A researcher who made an outstanding contribution to Scottish architectural history has died at the age of 87.
Catherine “Kitty” Cruft was born in London, in 1927. Her family moved around southern England before finally settling in Colinton when she was a teenager in 1942.
She attended the Convent of the Sacred Heart School at Craiglockhart because it boasted a renowned music teacher.
In 1951, Ms Cruft graduated from the University of Edinburgh and began to literally set her legacy in stone.
She started as a researcher at the Scots Ancestry Research Society, alongside working as a research assistant for Scottish National Building Record (SNBR).
Many of Scotland’s great country houses had been damaged during the Second World War, and a significant number were due to be demolished.
So, in late 1951, alongside SNBR director Colin McWilliam, Ms Cruft embarked on an ambitious survey to record these soon-to-be-lost pieces of history, until both were laid off in the late 50s due to governmental financial constraints.
However, this was merely the beginning, as in 1956 she took responsibility for the listing survey of Edinburgh, which led to her appointment as the leading officer of the Scottish National Buildings Record.

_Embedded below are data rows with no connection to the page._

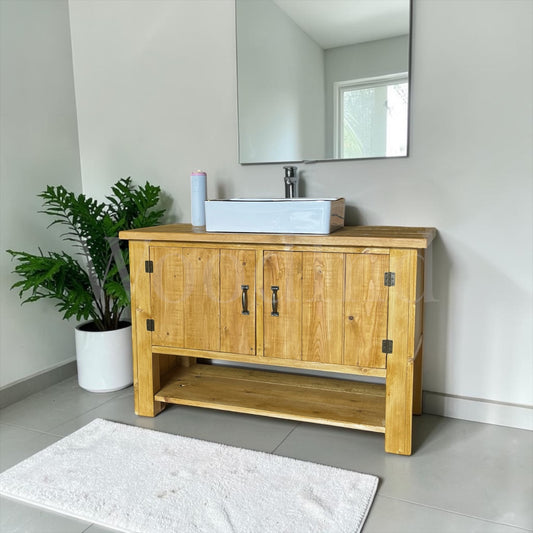 Meuble de salle de bain sur mesure en bois brut - ELIO WoodInd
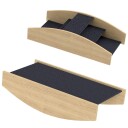 2 i 1 hunderocker hundeagilityrocker laget av tre hundeagilityrampe for små mellomstore hunder under 15 kg for balanse selv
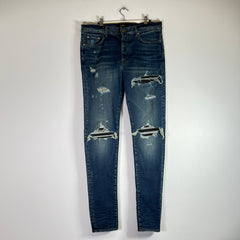 Amiri Deep Classic MX1 Black Patch Denim Jeans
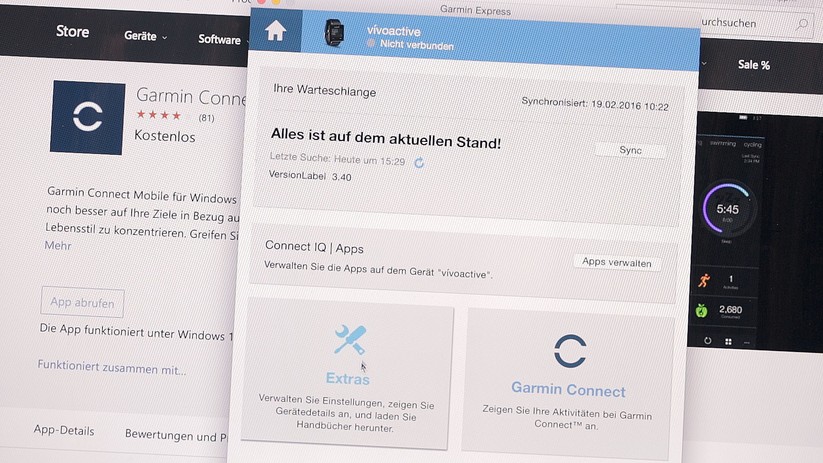Die für PC und Mac erhältliche Software erfüllt ihren Zweck. Für eine Auswertung der Daten wird der Nutzer jedoch ins Web-Interface geschickt.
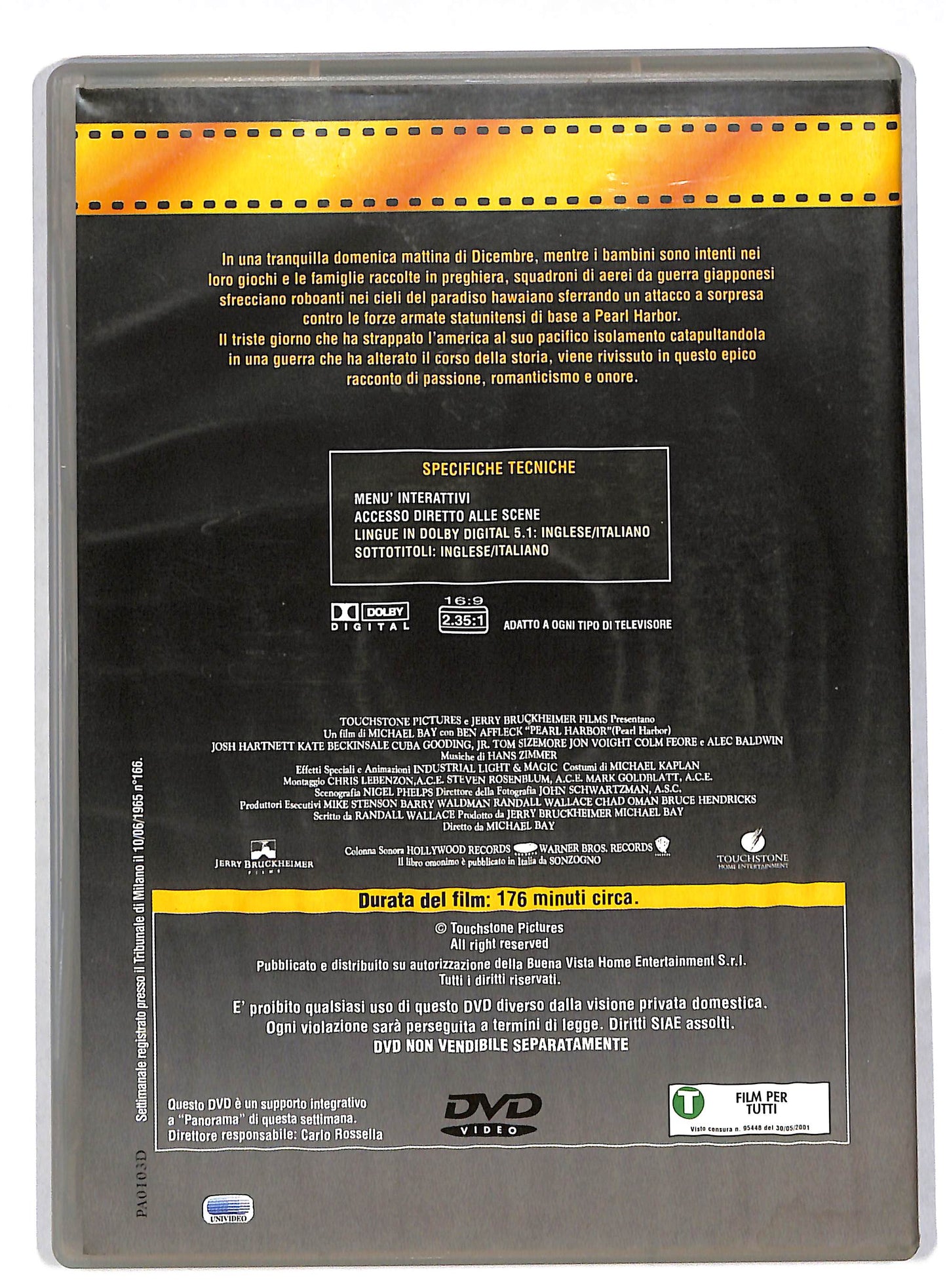 EBOND Pearl Harbor EDITORIALE DVD DB585660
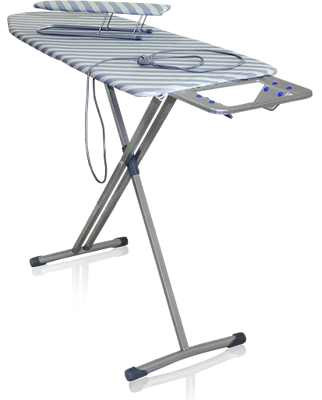 Доска гладильная НИКА-10+ подстав. д/утюга, электроудл. полка д/бел 1220*400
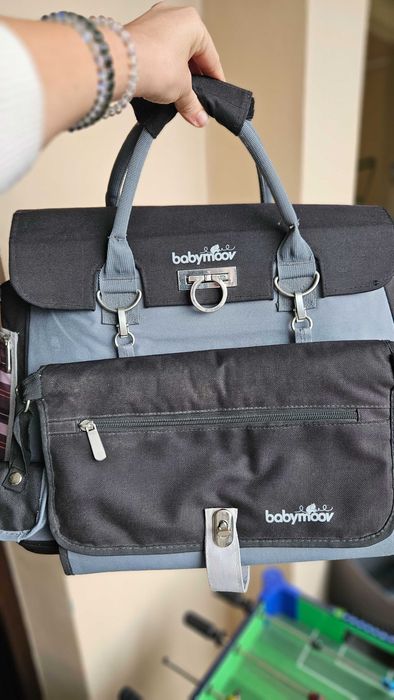 Hauck 2в1 детска количка – лятна и зимна + портбебе и чанта Babymoov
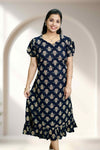 Floral Cotton Frock Night Dress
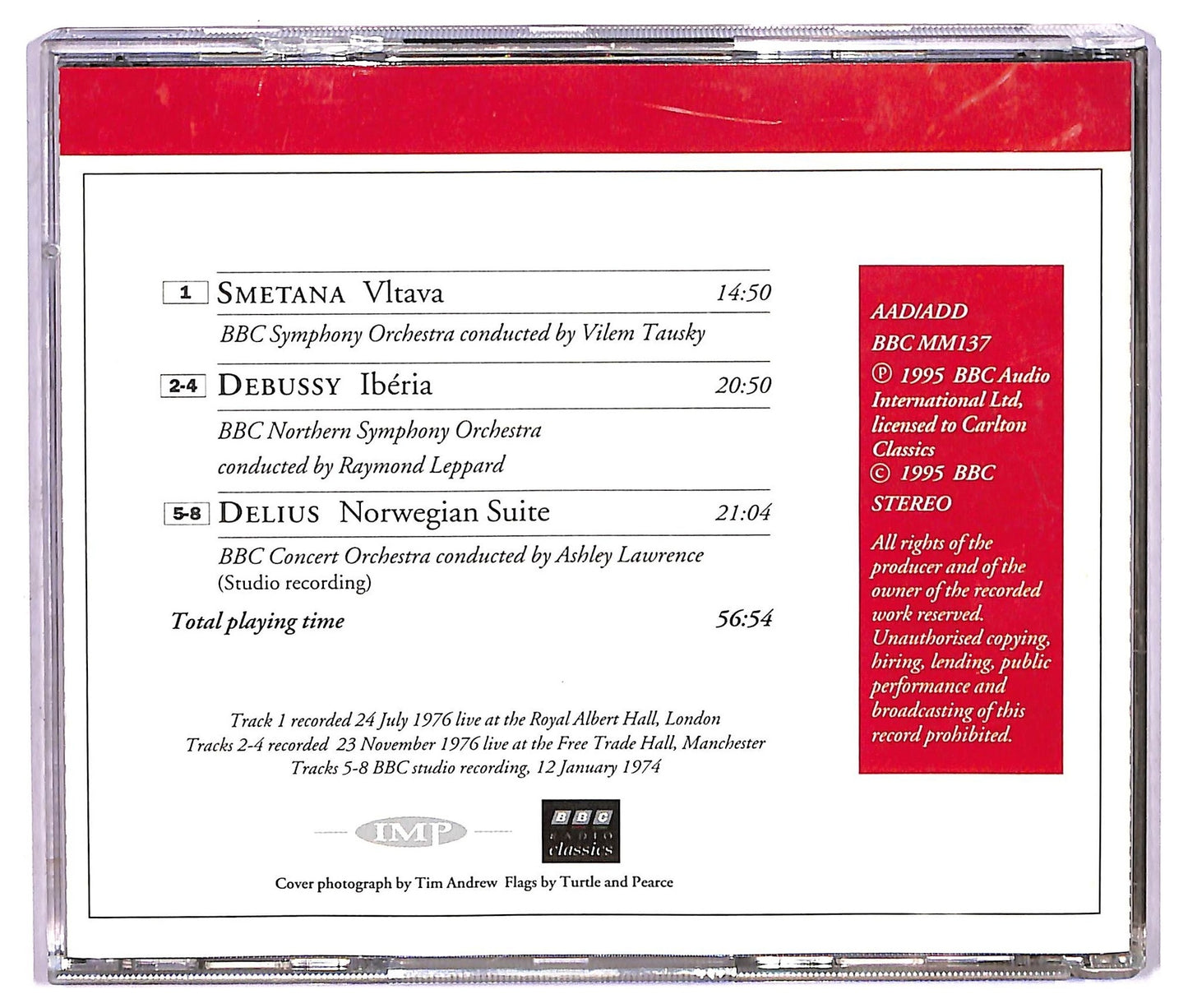 EBOND Smetana Debussy Delius - Die Moldau Iberia Norwegian Suite CD CD073312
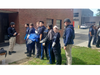First-year Zucker School of Medicine students prepare to take part in an active-shooter simulation during Mass Casualty Incident Day at the Nassau County Fire Service Academy in Old Bethpage.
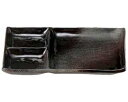 【まとめ買い10個セット品】和食器 ロ465-118 鉄釉布目 8.0三品皿【キャンセル/返品不可】【ECJ】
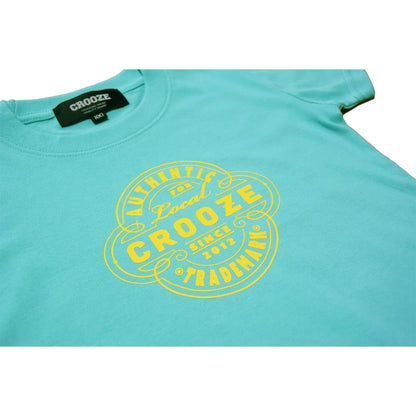 CROOZE Kid's Trade Mark Tee -ミントグリーン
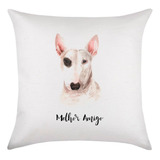 Almofada 30x30 Cachorro Bull Terrier Amigo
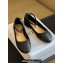 Dior Ballet Flats with Ankle strap and Pearl in Black Quilted Cannage Calfskin 2024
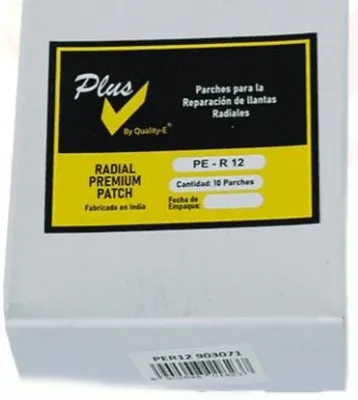 PARCHE RADIAL PER12 115*70MM QUALITY PLUS CAJA * 10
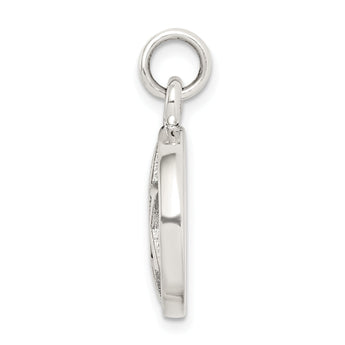 Sterling Silver Antiqued Star of David Pendant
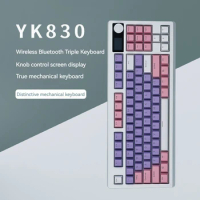 Bluetooth Keyboard Yk830 Customized Mechanical Keyboard With High Value And Large Color Screen, Full-key Hot Swap Rgb Three-mode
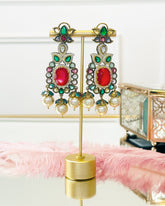 Zoey Multicolor Stones Studded Earrings - The Pashm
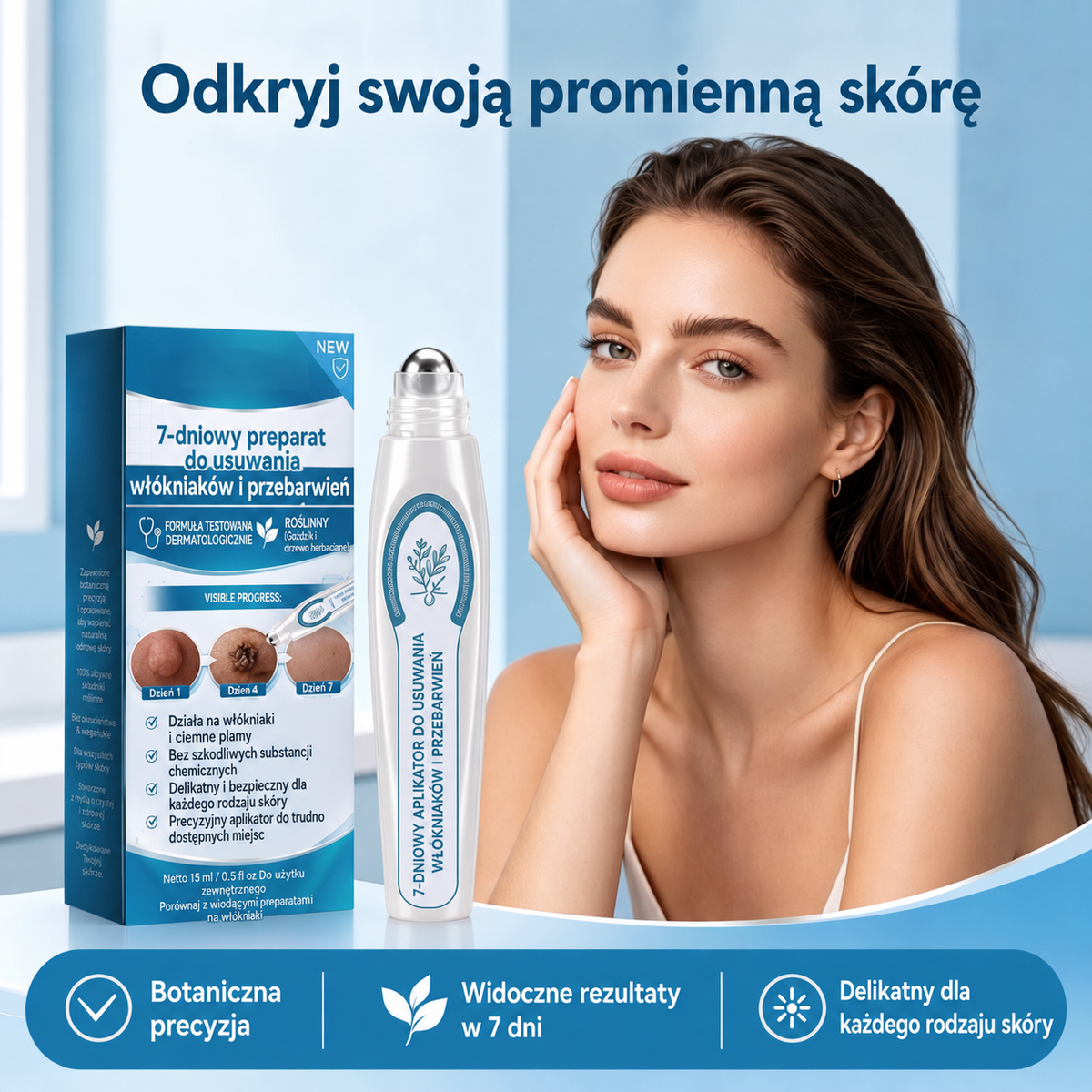 ClearRoller™ Serum z kulką roll-on – zaawansowane dla czystej skóry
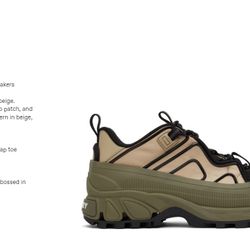 Burberry Beige & Khaki Technical Arthur Sneaker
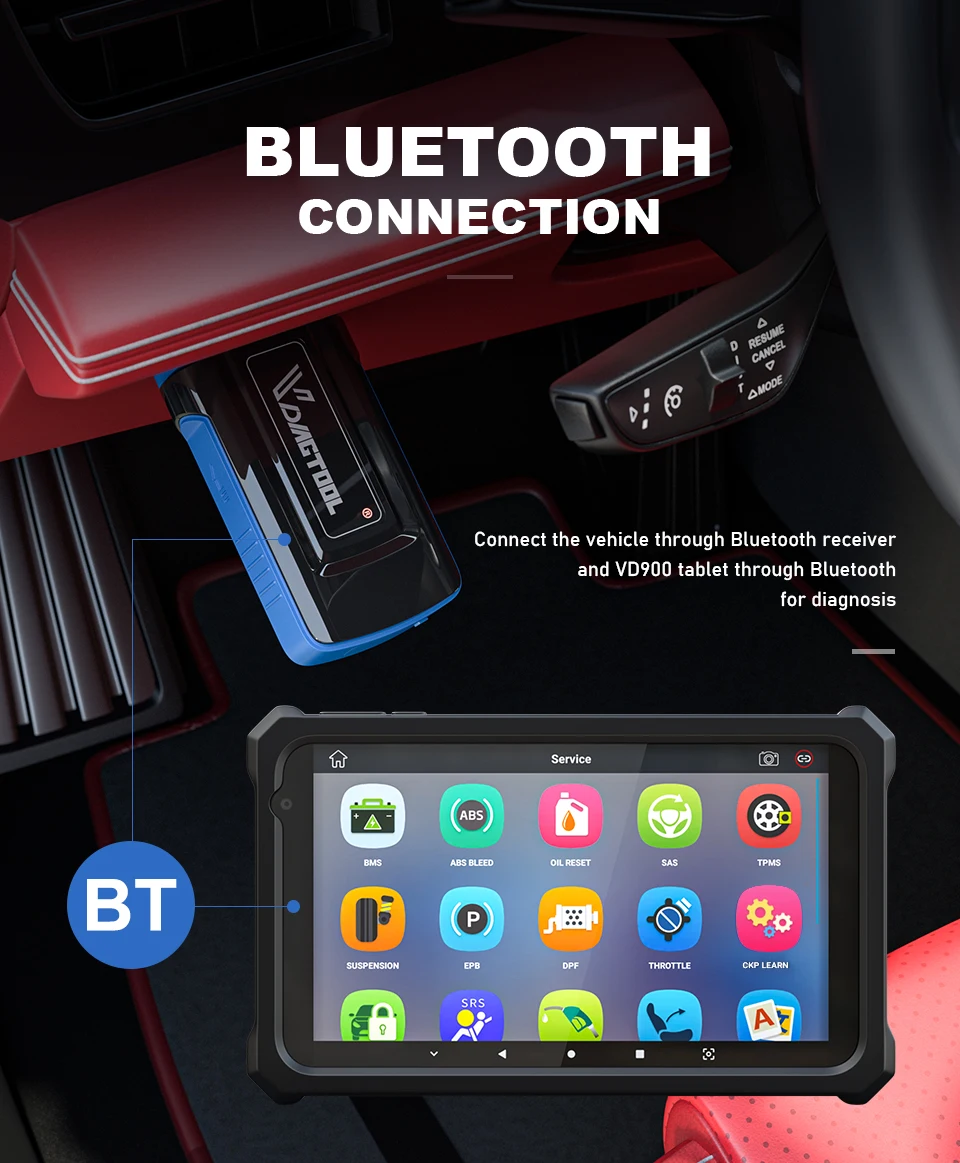 VDIAGTOOL VD900 OBD2 Scanner Professional ABS Airbag Oil EPB DPF Reset OBD 2 Automotive Code Reader Car Diagnostic Tool | Автомобили и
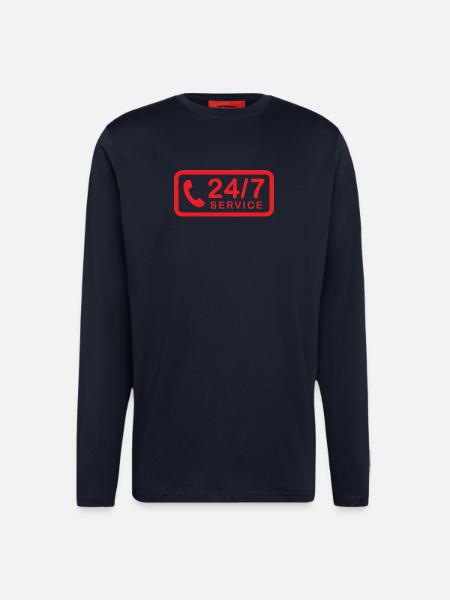 24/7 h Service - Longsleeve - made by SPREAD  - DARK NAVY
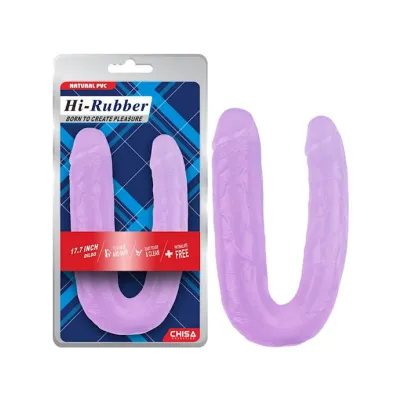Kenny Double Penetration Dildo 17 7 Inch Purple 17 7 Inch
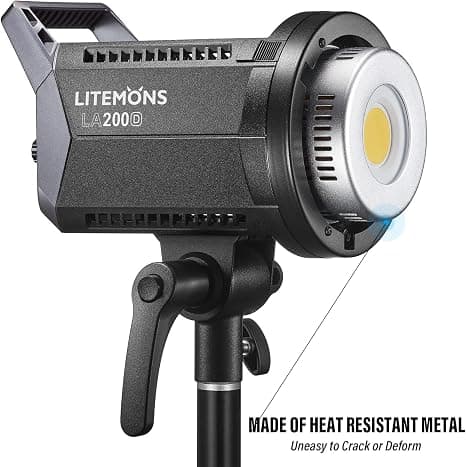Godox Litemons LA200 LED Video Light – High Output Continuous Light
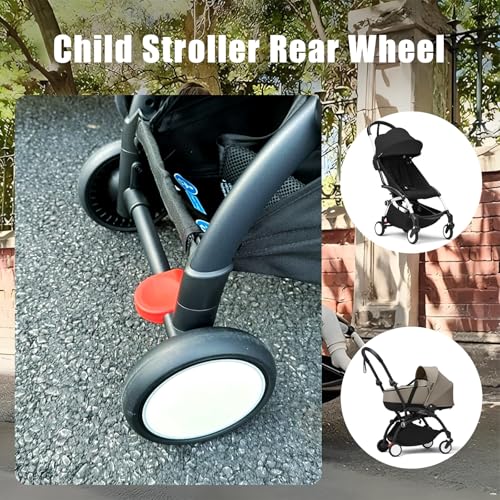 Roue de poussette pour bébé en caoutchouc Flylin : pièce arrière de rechange avec outils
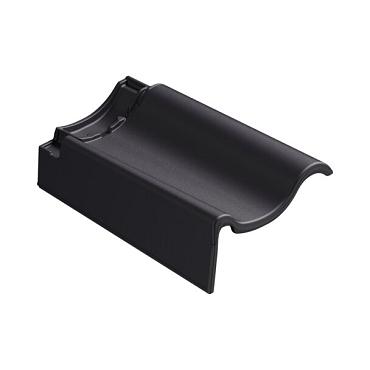 Monier De Nieuwe Hollander Plus grafietgrijs gevelpan links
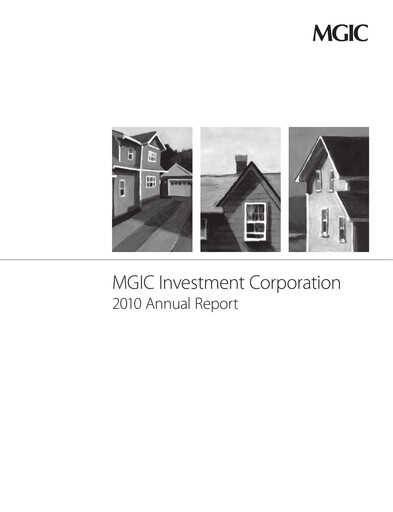 Thumbnail MGIC Investment
 Annual Report 2010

Then, in 1966, she moved to the Royal Commission on the Ancient and Historical Monuments in Scotland (RCAHMS), where she championed the record and had a profound impact on everyone involved in Scottish historical architecture over the next 40 years.
By the time she retired from the RCAHMS, the National Monuments Record of Scotland had flourished under her curatorship, research under her became internationally renowned and she was made an OBE for her tireless effort and countless key contributions to her field.
She also got honorary fellowships of the Royal Incorporation of Architects in Scotland and the Architectural Heritage Society of Scotland.
Ms Cruft was known for her love of music and travelling, exploring Italy and France extensively, as well as camping in Canna as a Girl Guides leader.
There, she got a reputation of travelling heavy, with tractors sometimes needed to transport all her equipment off the ferry from Mallaig.
She was also a keen skier, speeding down Alpine slopes before a broken leg in 1964 ended her winter pursuits.
She also made history as the first single woman in Scotland to get a mortgage to buy a flat in Colinton.
However, during the later stages of her life Ms Cruft spent time in care, her extraordinary mind plagued by dementia.
She died in Edinburgh on January 13 at the age of 87.